Largely that was true, though they clearly did some math overnight and found they had enough money saved or able to be saved to take Will Gasparino in the 5th round. He is very similar to Caden Bogenpohl, expect he hasn’t sold out his power for contact and retains much of the swing and miss. It will be interesting to see the two of them share an outfield. It doesn’t change my opinion of the Bogenpohl pick, but that is the difference between using a 2nd round pick and a 5th round pick on a big slugger project, even if their bonuses might end up somewhere closer in the end.

Much of Day 2 proceeded like the 2025 draft in a positive way. Finally someone on the analytics side or one of the scouts has got them to just stop taking 6’5″ small school RHP with poor deliveries and fastball angles. Instead we have a lot of what other teams have been taking for the last 5 years with a little extra weird thrown in. It was a lot of big extension, low approach angle fastballs, with weird deliveries. If the Phillies can get more command and velocity out of this group, there are interesting relievers in here. I would have liked to see 1-2 of them been upside starting pitching projects like a Griff McGarry or George Klassen, but because they were saving some money there were more pure relievers and older, less projectable arms. That said, Christian Coppola (12) seems to have an outlier sweeper, and that makes him quite interesting.

On the hitting side, they took Gasparino out of UCLA followed by C Macon Winslow from UNC, but largely stayed away from big school bats falling. Reece Moroney (10) doesn’t seem to have big upside, but there might be some utility ceiling there, totally fine where he was picked. Brayden Bakes (13) probably won’t hit high level pitching, but if he does there are tools to work with there. Clyne (15), Quintanar (16), and Haworth (18) are less interesting and seem to be org guy upside players and I might have liked to see more dart throws on arms, but they aren’t egregious picks.

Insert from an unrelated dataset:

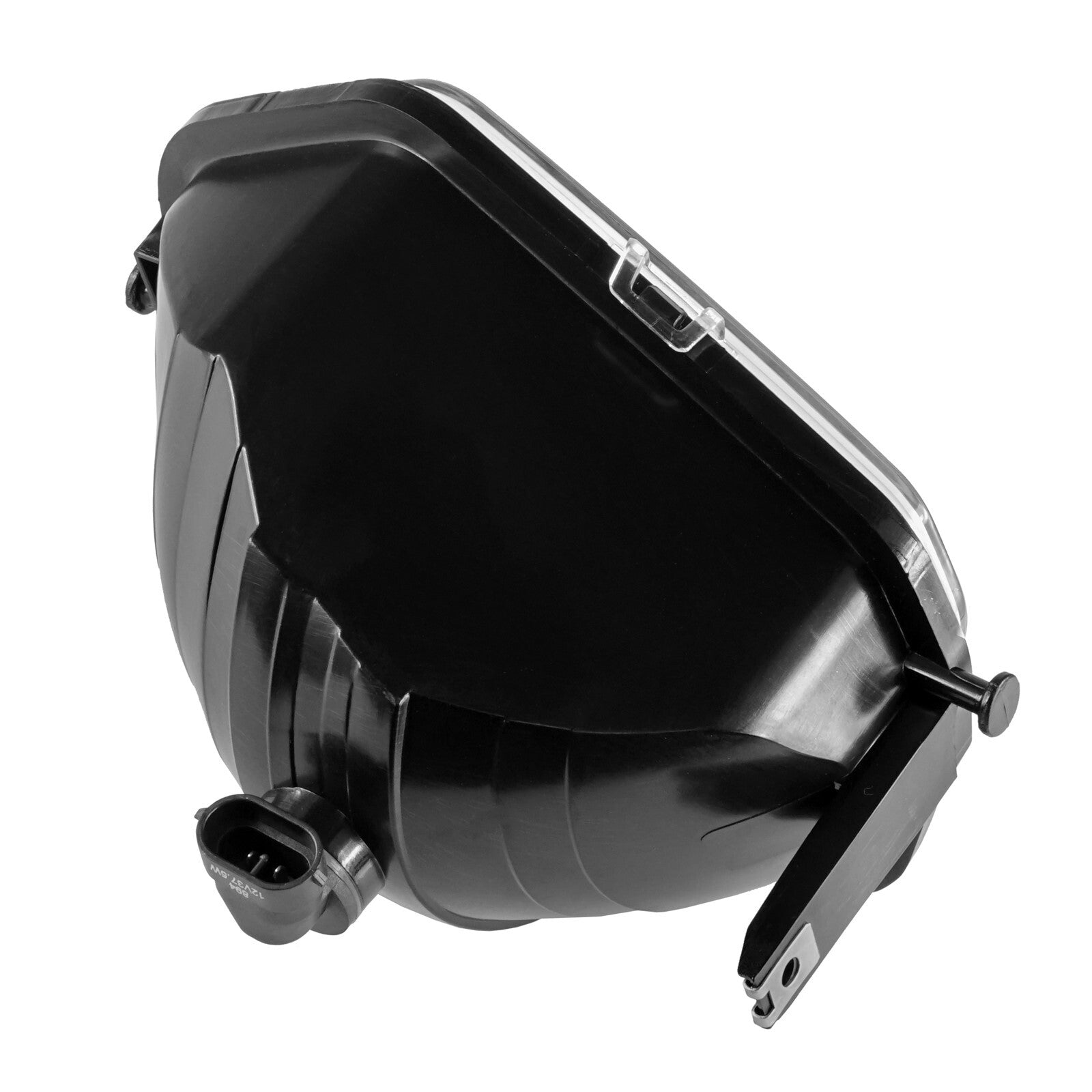 Front Left Headlight and Bulb Replacement for Polaris Sportsman 1000 XP (2015–2022)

The two HS picks were fine. Patrick Clemmey is more the age of a 1st year JuCo player and has a big college commitment, but missed a lot of time in HS. Braeden Lipoff doesn’t look to have big projection or athleticism, and HS catchers are very risky as an overall demographic. Bringing them both into the system would be good, but until we see bonuses we won’t know if that is possible. Sort of in that same bucket, but a college guy is Justin Lee who doesn’t look like an easy sign from the outside, but has very intriguing upside for late in the draft.

It still all comes down to the Phillies making a big bet on Tyler Spangler. He looked like a potential top 10 pick coming into the year, and maybe if he plays all year he ends up there. He didn’t and it was due to an injury that may or may not be a long term problem, and cost him a lot of developmental and evaluation time. It is a bet they can win, but it is a place (injuries that have him off a lot of team’s boards) they have bet on before (Aidan Miller, Griffin Burkholder) with mixed results.

Getting a second big bat upside bet in Gasparino to go with Bogenpohl did add some upside to the overall draft, but it still falls into that area where that isn’t a place of developmental strength for the Phillies. While it is good to see them be more modern in their pitcher evaluation, they didn’t really add any boom bust arms to try and work where they have had more success. It leaves it in a place where Brian Barber is once again asking you to trust their evaluation and development, and that just isn’t a well you can keep going back to with their track record. Maybe they do crack through and we look back at this on being a great plan when your first pick is #36, but we are just going to have to once again try and trust that they know what they are doing.